BEGIN Given information

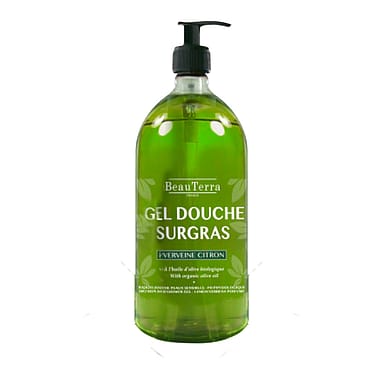 Beau Terra Ultra Rich Shower Gel 1 liter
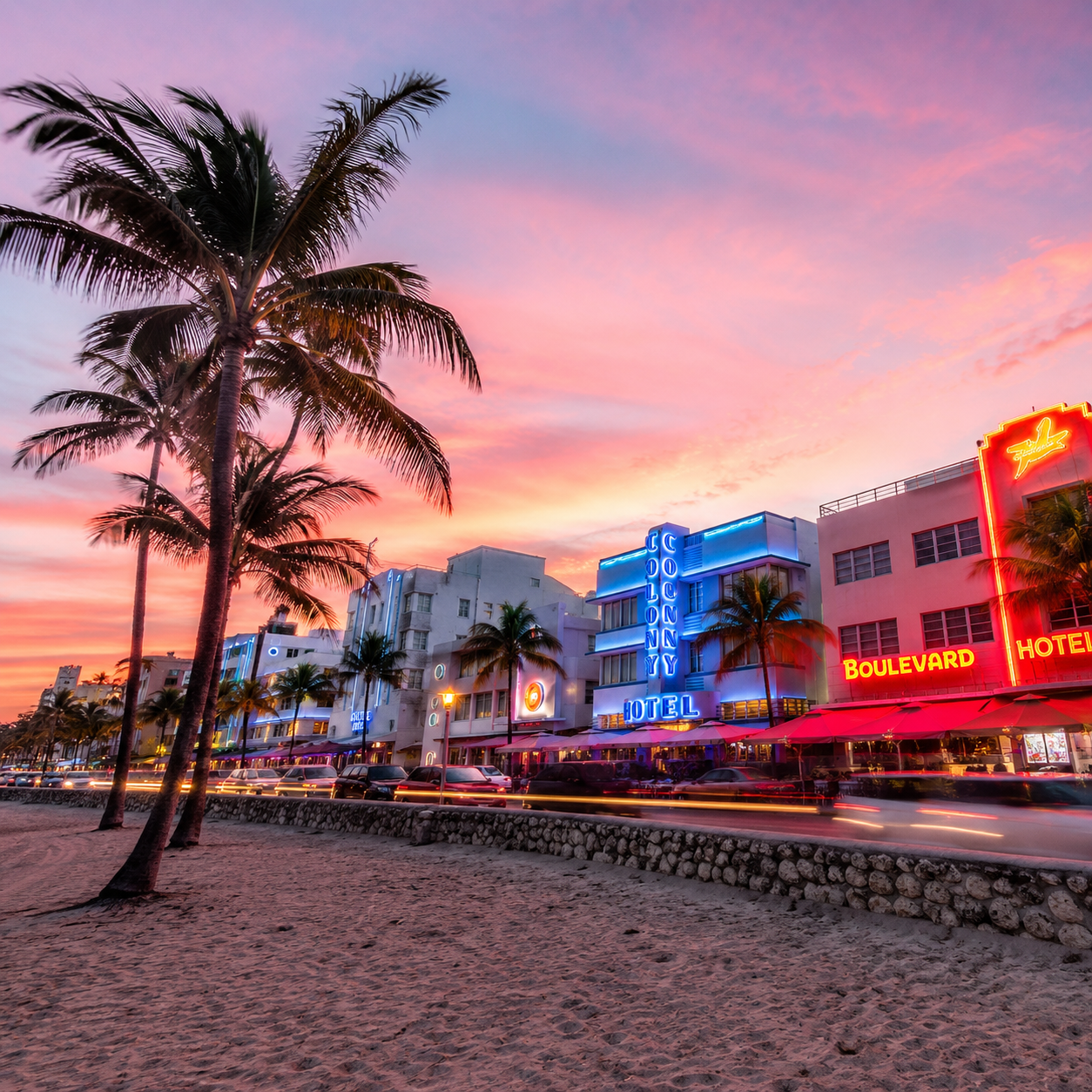 Miami Collection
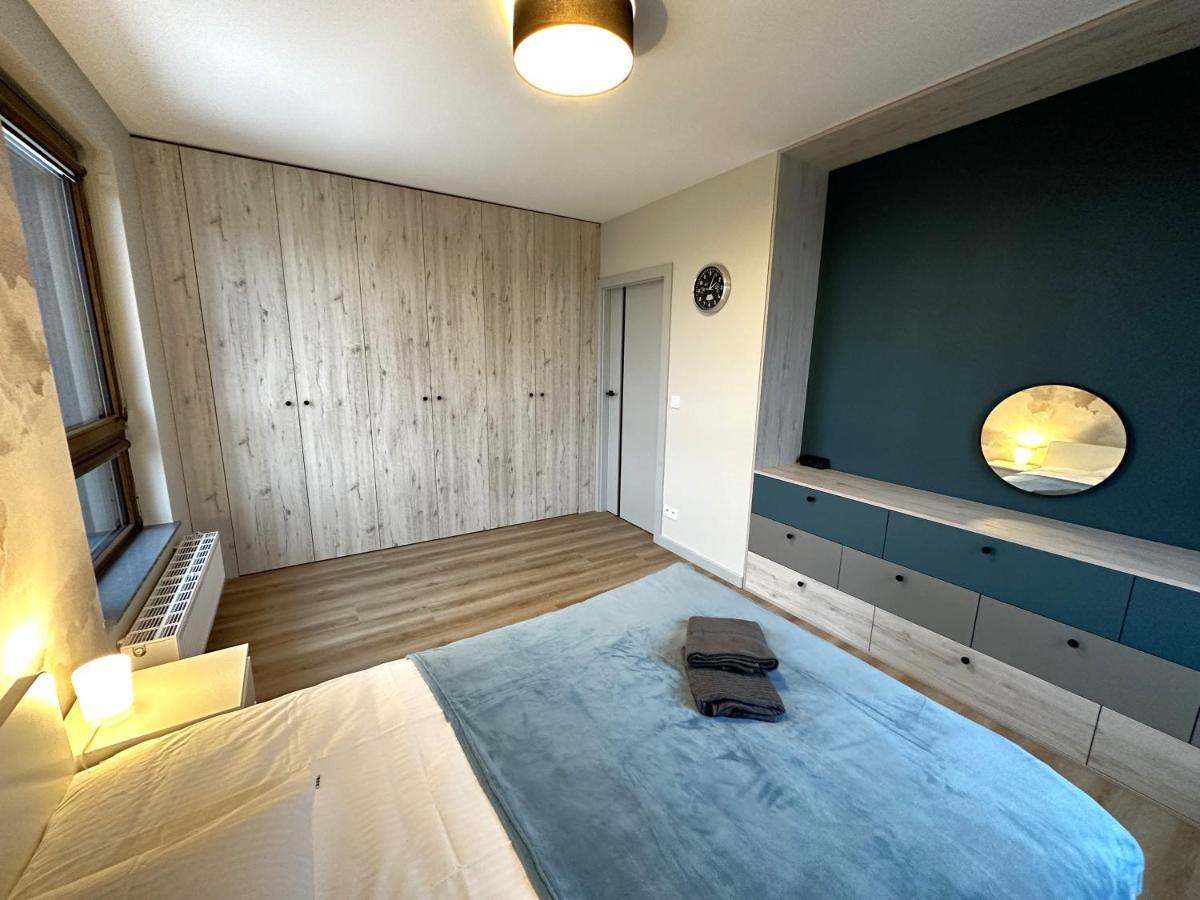 Apartament Lotnisko Chopina Warsaw Airport Luaran gambar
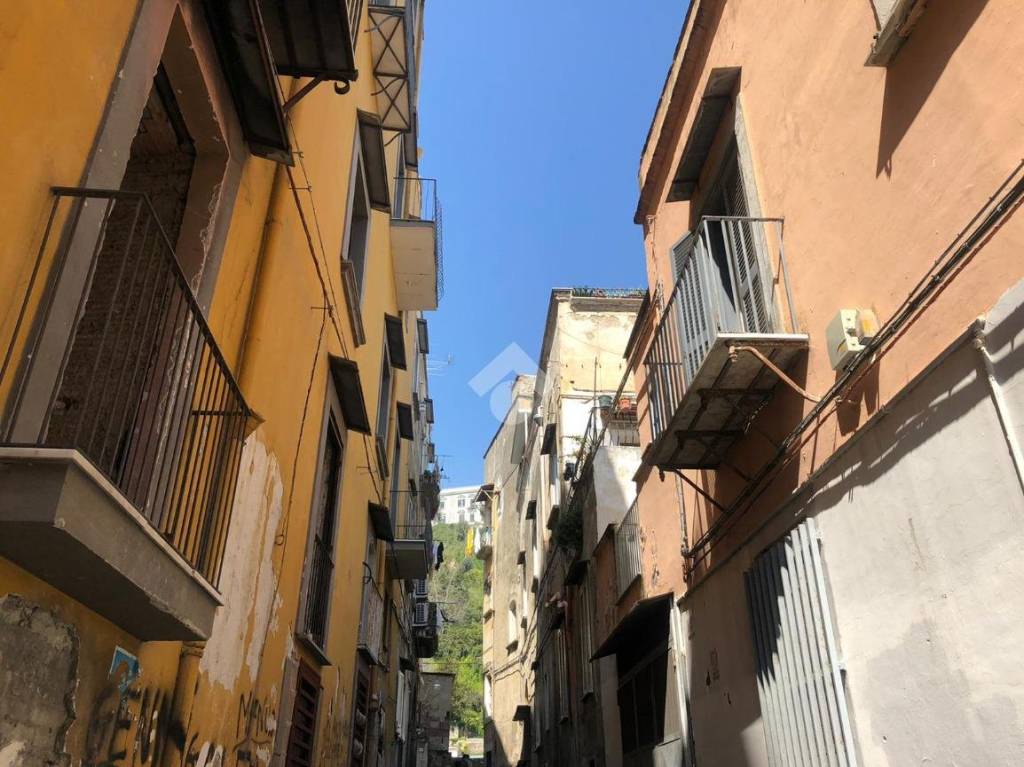 Appartamento in vendita a Napoli salita Moiariello, 66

END Given information

Exercise objective>
Retype only the lines above from the one with "Miami Collection" through the last, both ends included, keeping every picture out of the copy.

Response for this exercise>
 Miami Collection
 Apartament Lotnisko Chopina Warsaw Airport Luaran gambar
 Appartamento in vendita a Napoli salita Moiariello, 66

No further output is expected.